取材=福崎敬太 Photo by Masaki Sato
「モンスター」の音は
1、2を争うくらい
気に入っている
まずは5ヵ月連続シングル・リリースという試みを振り返ってみて、率直な感想を聞かせて下さい。
YU(vo)が書く歌詞が、今感じている言葉を中心に書いてたので、曲の作り方も変わったところがあって。今まではメロディをガチッと決めて、譜割も固まったところに歌詞を乗せる感じだったんですが、歌詞を変えたりする、リズムを決め切らない遊びの部分を作るようになったんです。それによって僕のギターも音楽的に主張できるようになったというか。あと、日本語の歌詞が多くなったので、例えば“震えた”という言葉が出たらトレモロをかけたり、歌詞に合わせたプレイとかもやりやすくなったんです。そういう部分で成長できたなと感じています。

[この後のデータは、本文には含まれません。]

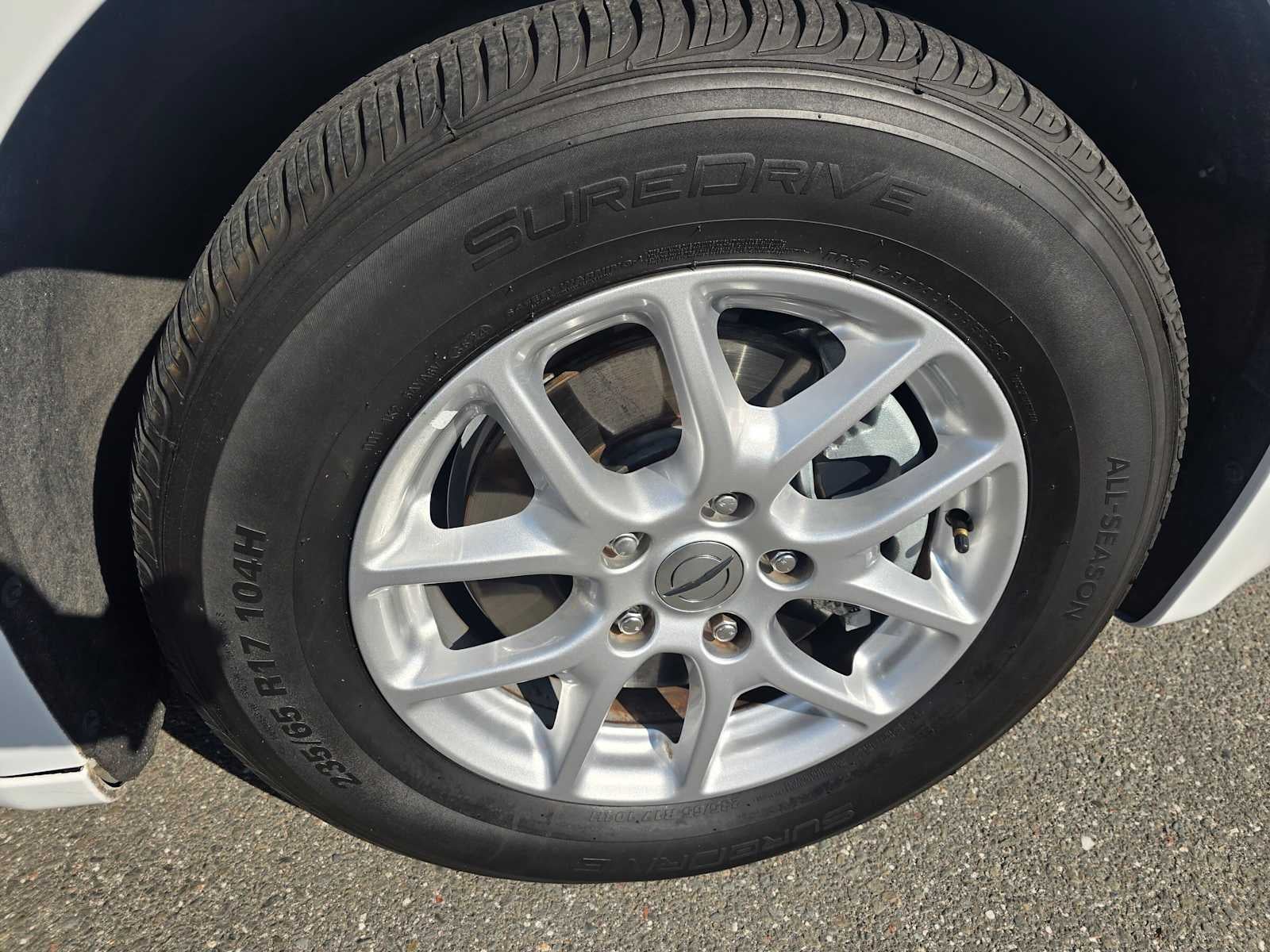 2023 Chrysler Voyager LX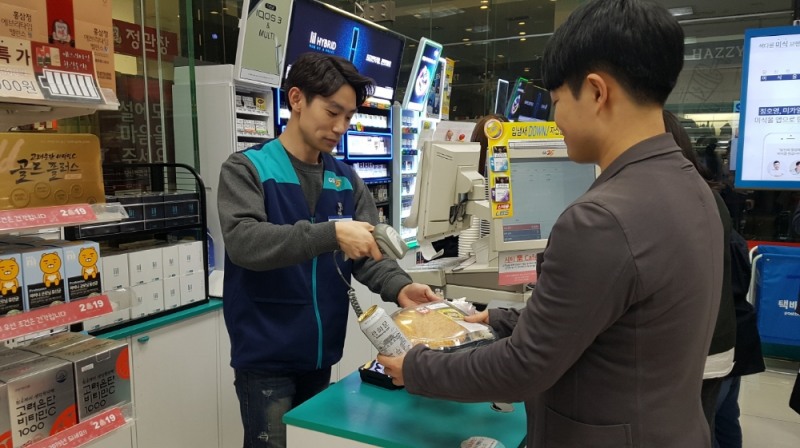 주 52시간 근무제로 바뀌는 라이프 스타일…편의점 피크 타임도 변했다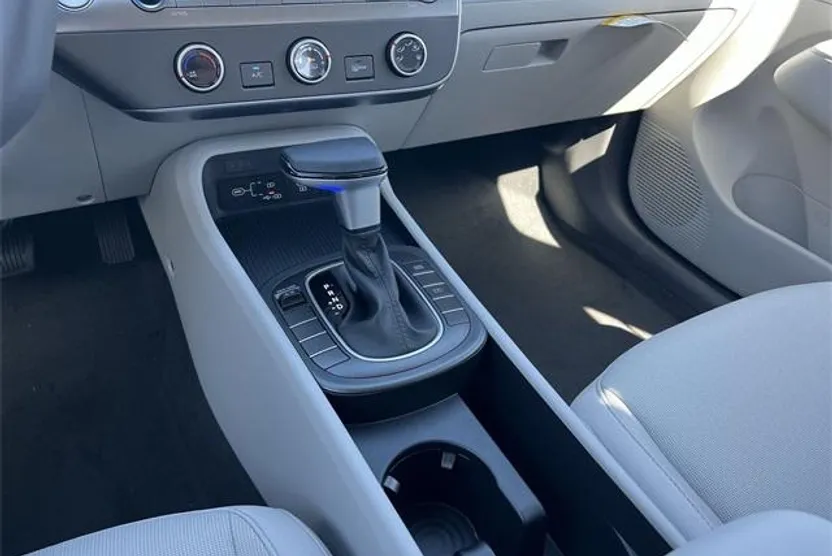 2026 Hyundai Kona SE photo 1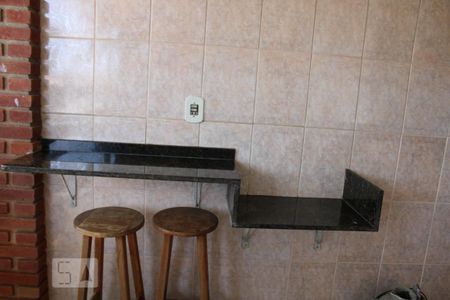 Casa para alugar com 230m², 3 quartos e 2 vagasÁrea interna lazer privada detalhe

結果的にバラエティ豊かな楽曲が並びましたが、それぞれについてギター的にはどのような楽曲に仕上がったと感じていますか? まずは「モンスター」から。
「モンスター」は実は録り直しをしているんですよ。最初はレス・ポールでリフを弾いたんですけど、ラフミックスを聴いて“なんかギターの音が違う”ってずっと悩んでたんです。それで別の曲をレコーディングする日に、作業が終わったタイミングで“すみません、違うギターでもう1回録りたい”ってお願いして。それで最初に想像したサウンドとは違う感じの良い音で録れたんですよ。この「モンスター」の音は1、2を争うくらい気に入っていますね。
「MR.CLEVER」はどうでしょう?
「MR.CLEVER」のような楽曲でギターが活躍する曲って、世の中にあんまりないと思っていて。それで、“爪痕を残してやろう”みたいな気持ちで、レス・ポールをオクターブ違いで重ねたリフを録りました。で、「ENTERTAINER」はこのバンドで初めてワウを全編で使った曲ですね。個人的にワウってインスピレーションで弾くものだと思ってるんで、まったく決めずに2回くらいRECで弾きましたね。これはESME MORIさんと一緒に作ったんですけど、“ベースのほうをフィーチャーしたい”っていうのが少しあって、僕はイントロのリフで“掴めたかな”って感じたのでバランスを見て全体としては引いた感じですね。「東京エキストラ」で気に入っているのは、2番のBメロで出てくる、フワーッとしたディレイというかリバーブのフレーズ。ボトルネックでやっても良かったんですが、手で弾いたニュアンスも悪くないなと思って普通にチョーキングして……僕の中では、車で走っていて、対向車線からきた車のライトみたいなイメージで(笑)。
わかります(笑)、対向車が通り過ぎていく感じ。
そうそう(笑)。あれはけっこう気に入ってます。で、「ミレニアルズ」は、ギターがたぶん10本以上重なっているんですよ。レス・ポールをベースに、テックさんが持っているビンテージのSGも使ったりしましたね。プレイ的には、リズムを縫うようなポリリズム的なフレーズなどにはこだわりました。
6度を当てるのが
好きなんですよね。
「モンスター」のイントロは左右2本のギターが違ったリズムで絡み合いますが、このようなレイヤーはどのように作っていくんですか?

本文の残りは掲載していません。